Escuchándonos hablar, cualquier observador foráneo llegará a la errónea conclusión de que los alcoyanos somos una gente con una irrefrenable tendencia a la tristeza y con una enfermiza capacidad para ver el lado más negro de la vida. Esta confusión procede del abuso de la construcción gramatical “donar pena”; dos palabras que en estas feraces orillas del río Serpis han de ser entendidas como sinónimo del inofensivo verbo molestar, aunque en el resto del mundo estén relacionadas con conceptos como el llanto, la depresión y la congoja.
A la gente normal le dan pena cosas como: las películas románticas en las que muere la chica, la cara lastimera de un perrito abandonado en una gasolinera o la fuga de una novia con un amigo que nos la ha estado pegando durante meses.

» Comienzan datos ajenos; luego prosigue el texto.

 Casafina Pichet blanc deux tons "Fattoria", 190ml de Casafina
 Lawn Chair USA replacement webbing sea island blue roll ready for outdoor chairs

Además de responder a estos estímulos dolorosos como cualquier otro ser humano, a los alcoyanos nos dan pena cosas absolutamente inverosímiles: desde un coche, a un jarrón que nos regaló la abuela, pasando por un tresillo o por el niño de un vecino que nos han dejado unas horas para cuidar.
En Alcoy, un vecino le puede decir a otro “si el cotxe et dóna pena ahí, l’aparque un poc més avall i així pots eixir be del vado”. Esta afirmación nada tiene que ver con las características del vehículo e igual vale para referirse a un flamante BMW que a un lastimoso Renault 5 con más años que el Naranjito (que sí que daría pena en el sentido literal de la palabra). Lo importante es la identificación del concepto molestia, entendido como un problema leve y fácilmente subsanable. El mundo de los objetos decorativos y del mobiliario es un terreno especialmente abonado para “donar pena”: dan pena la sillas mal colocadas en un pasillo con las que siempre tropieza alguien, dan pena los jarrones chinos de imitación colocados en el difícil equilibrio de una repisa, dan pena las viejas cómodas de la tía Candideta (que en paz descanse) colocadas en el recibidor sin ninguna otra función aparente que la de complicar el paso de las visitas y en las casas ricas dan pena los enormes pianos de los tiempos de esplendor, que ahora nadie toca y que ocupan todo el cuarto de estar. El destino habitual de todos estos artilugios suele ser el cuarto de los trastos o en el peor de los casos, las instalaciones del ecoparque.
El universo lingüístico del “donar pena” también es extensible a las personas: hay cuñados que dan una pena estomagante cuando se instalan durante meses a pensión completa en nuestros domicilios y hay niños hiperactivos y maleducados que se han especializado en dar pena cuando sus padres los llevan a un restaurante.
En contadísimas ocasiones, gracias a una conjunción astral, se produce una convergencia perfecta de los dos significados de esta construcción gramatical. Hay un ejemplo paradigmático de esta situación: la gran rotonda que conecta la Avenida de Santa Rosa con la calle Oliver. Este inmenso redondel “dona pena” a los automovilistas que circulan por él, ya que les genera un interminable listado de molestias, en el que se incluyen frenazos desesperados, arranques de valla protectora y accidentes de chapa y pintura. Simultáneamente, esta solución urbanística provoca una inmensa tristeza entre los vecinos del barrio y los visitantes habituales, que no pueden evitar el llanto cada vez que piensan que una institución pública se ha gastado una millonada en hacer algo tan feo y tan inútil.